ASSIGNMENT OF PURCHASE AND SALE

AGREEMENT AND ESCROW INSTRUCTIONS

 

THIS ASSIGNMENT OF PURCHASE AND SALE AGREEMENT AND ESCROW INSTRUCTIONS (this “Assignment”) is made this 19th day of August, 2015, by and between BRG ASHTON NC, LLC, a Delaware limited liability company (“Assignor”); and BR ASHTON I OWNER, LLC, a Delaware limited liability company (“Assignee”).

 

RECITALS:

 

1.          Bluerock Real Estate, L.L.C., a Delaware limited liability company (“Bluerock”), entered into that certain Purchase and Sale Agreement and Escrow Instructions dated May 12, 2015 (the “Purchase Agreement”) with AR I Borrower, LLC, a Delaware limited liability company and AR Owner, LLC, a Delaware limited liability company (together “Seller”), with respect to the real property and improvements located at 10320 Grobie Way, Charlotte, North Carolina, commonly known as “Ashton Reserve at Northlake Phase I” (the “Property”), all as more particularly described in the Purchase Agreement.

 

2.          By Assignment of Rights Agreement dated May 13, 2015, Bluerock assigned all its right, title and interest in, to and under the Purchase Agreement to Assignor.

 

3.          Assignor has the right to assign all its right, title, and interest in, to, and under the Purchase Agreement to Assignee as provided in this Assignment.
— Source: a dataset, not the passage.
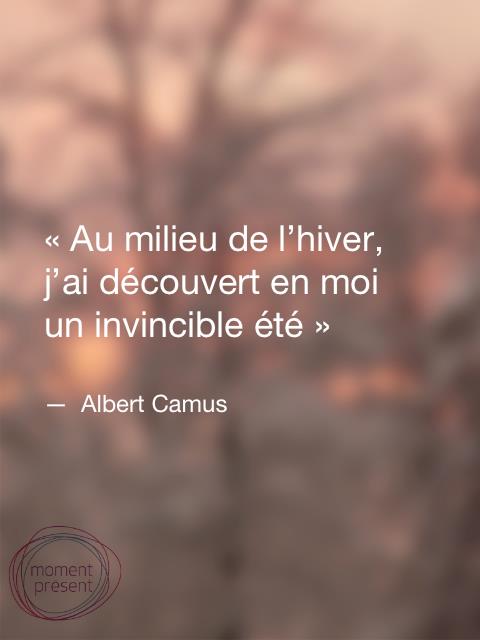 19102_500902406617120_1836629489_n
Assignee is an Affiliate of Assignor, and Assignor is an affiliate of Bluerock REIT.

 

4.          Assignor now desires to assign all its right, title, and interest as “Purchaser” under the Purchase Agreement to Assignee, and Assignee desires to assume all of Assignor’s right, title, and interests as Purchaser under the Purchase Agreement.

 

ASSIGNMENT:

 

NOW THEREFORE, in consideration of the mutual covenants contained in this Assignment, and other good and valuable consideration, the receipt and sufficiency of which are hereby acknowledged, the parties agree as follows:

 

1.          Incorporation of Recitals. The foregoing Recitals are incorporated herein and by this reference made a part hereof. All capitalized terms set forth herein shall have the meanings ascribed to such terms in the Purchase Agreement unless otherwise defined herein.

 

2.          Transfer; Assignment and Designation; Assumption. Assignor hereby sells, transfers, assigns, delivers and conveys to Assignee, its successors and assigns, and Assignee hereby accepts from Assignor, all right, title and interest of Assignor in, to and under the Purchase Agreement. Assignee hereby assumes, for the benefit of both Assignor and Seller, all of the obligations of the “Purchaser” under the Purchase Agreement. Assignor agrees to indemnify, defend and hold Assignee harmless with respect to all claims accruing under the Purchase Agreement prior to the date hereof. Assignee agrees to indemnify, defend and hold Assignor harmless with respect to all claims accruing under the Purchase Agreement from and after the date hereof.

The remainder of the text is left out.